- Input:
────────
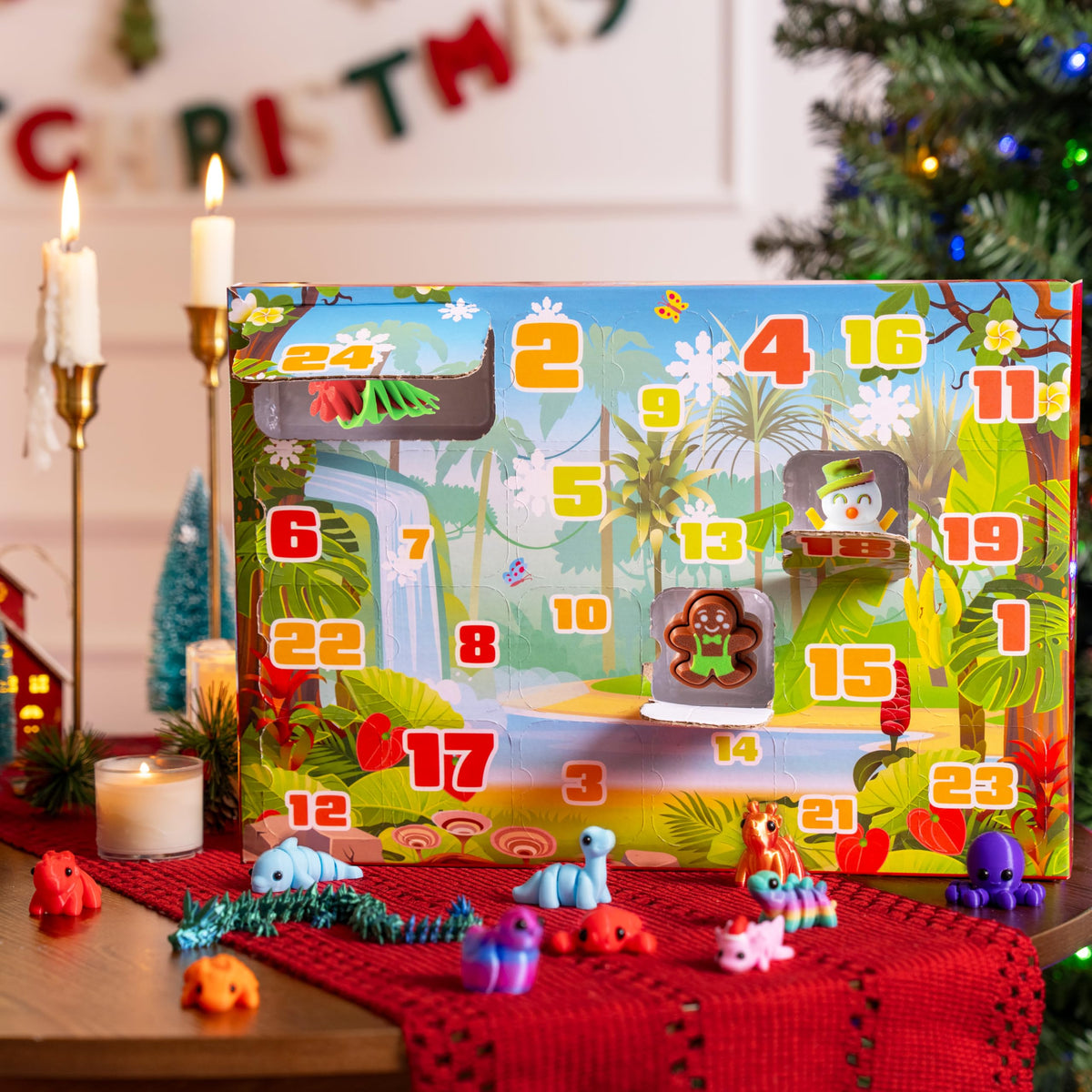 24 Pcs Christmas Advent Calendar 3D Printed Toys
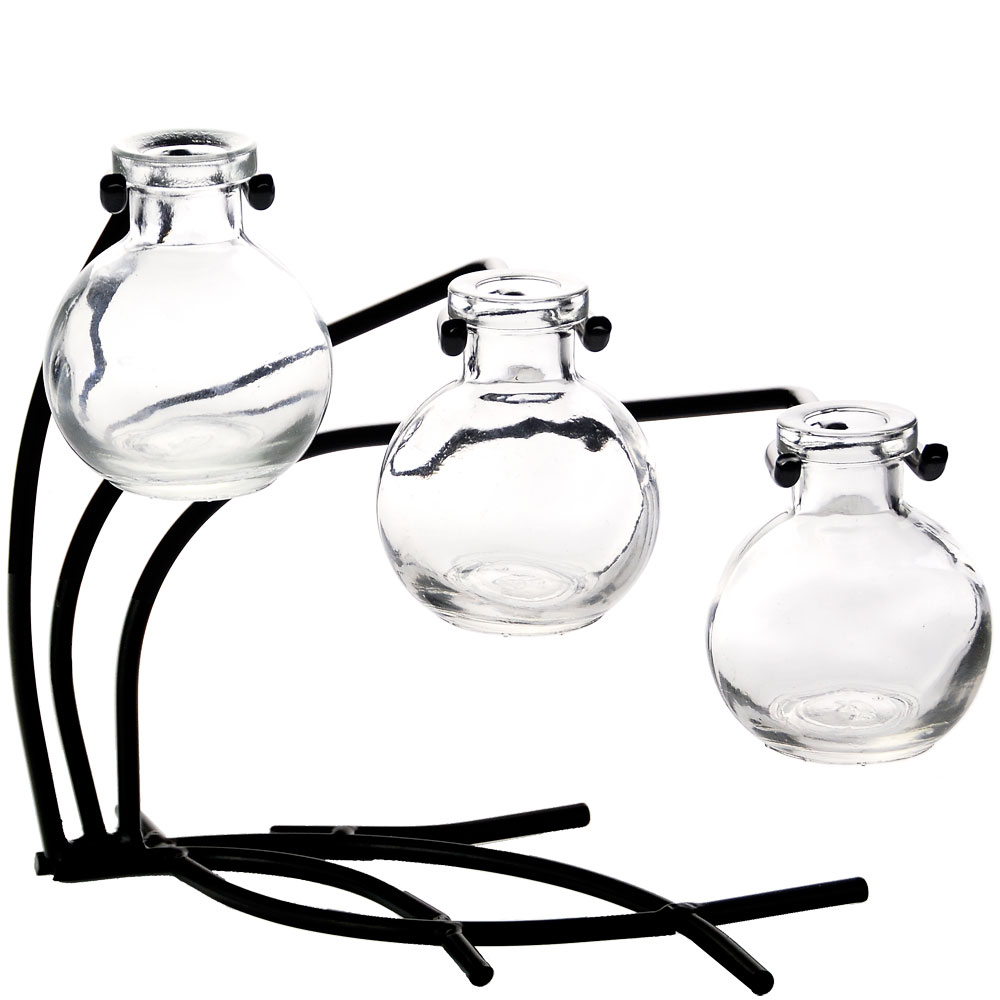 Casablanca Three Recycled Glass Vases & Metal Stand - Clear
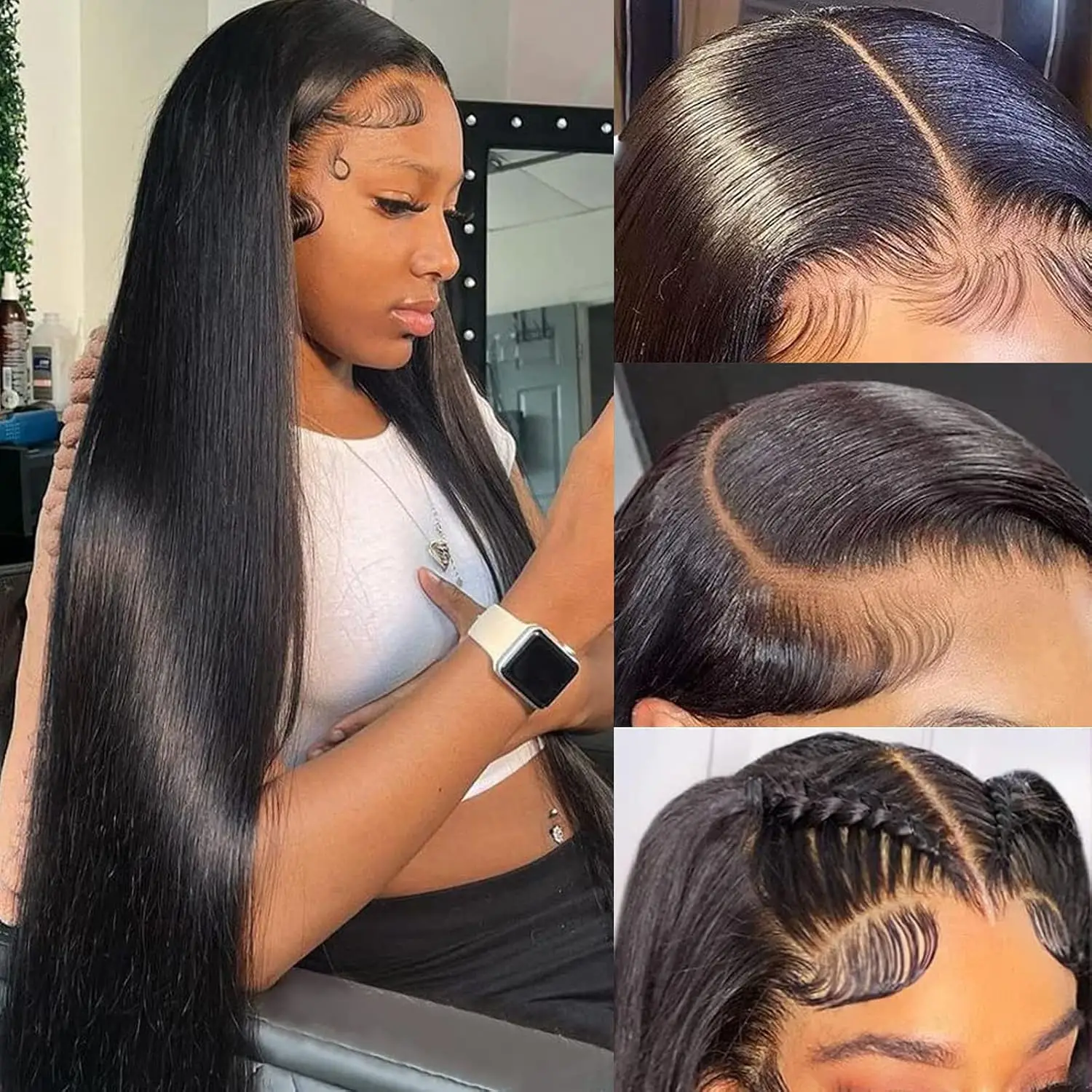Glueless Brazilian Bone Straight 13x4 360 Lace Wigs Human Hair 28 Inch 200 Density HD Transparent Lace Baby Hair For Black Women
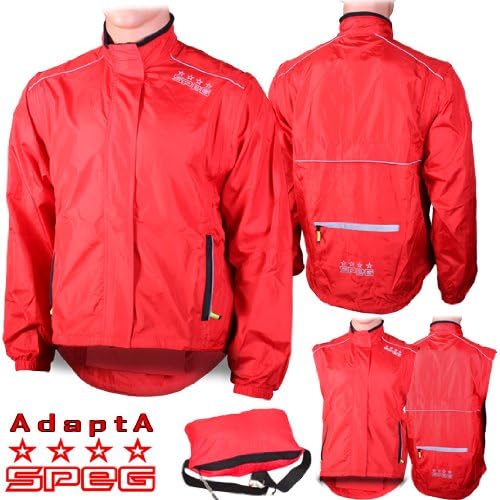 SPEG 'AdaptA Mk2' Cycling Jacket / Gilet - Red Cycle (Red, M: 38 - 40" chest)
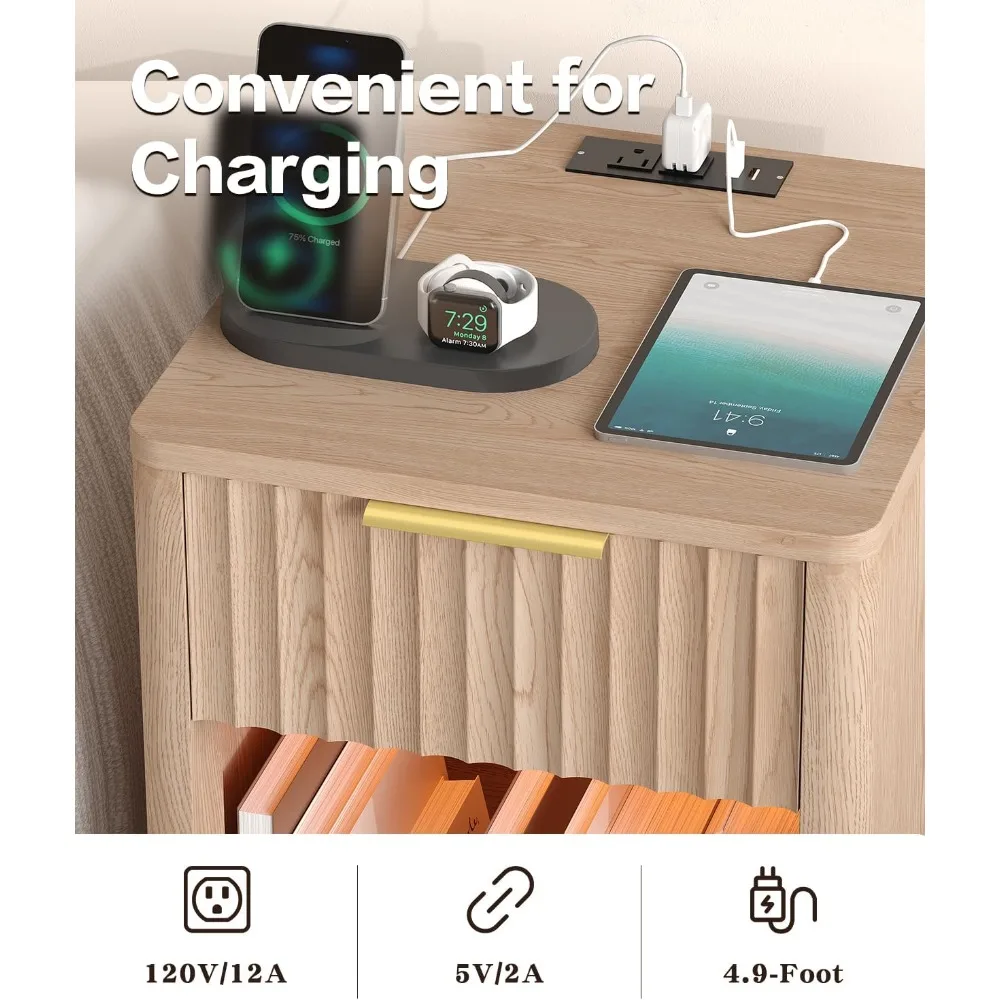 طقم منضدة مكونة من قطعتين، حامل ليلي خشبي مع قاعدة شحن وإضاءة LED، طاولة نهاية حديثة مع درج وتخزين مفتوح #2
────────
- Work to complete:
With the pictures omitted, print precisely the lines from the one with "Glueless Brazilian Bone" to the final line of the records, both included.

- Task result:
Glueless Brazilian Bone Straight 13x4 360 Lace Wigs Human Hair 28 Inch 200 Density HD Transparent Lace Baby Hair For Black Women
 SPEG 'AdaptA Mk2' Cycling Jacket / Gilet - Red Cycle (Red, M: 38 - 40" chest)
 طقم منضدة مكونة من قطعتين، حامل ليلي خشبي مع قاعدة شحن وإضاءة LED، طاولة نهاية حديثة مع درج وتخزين مفتوح #2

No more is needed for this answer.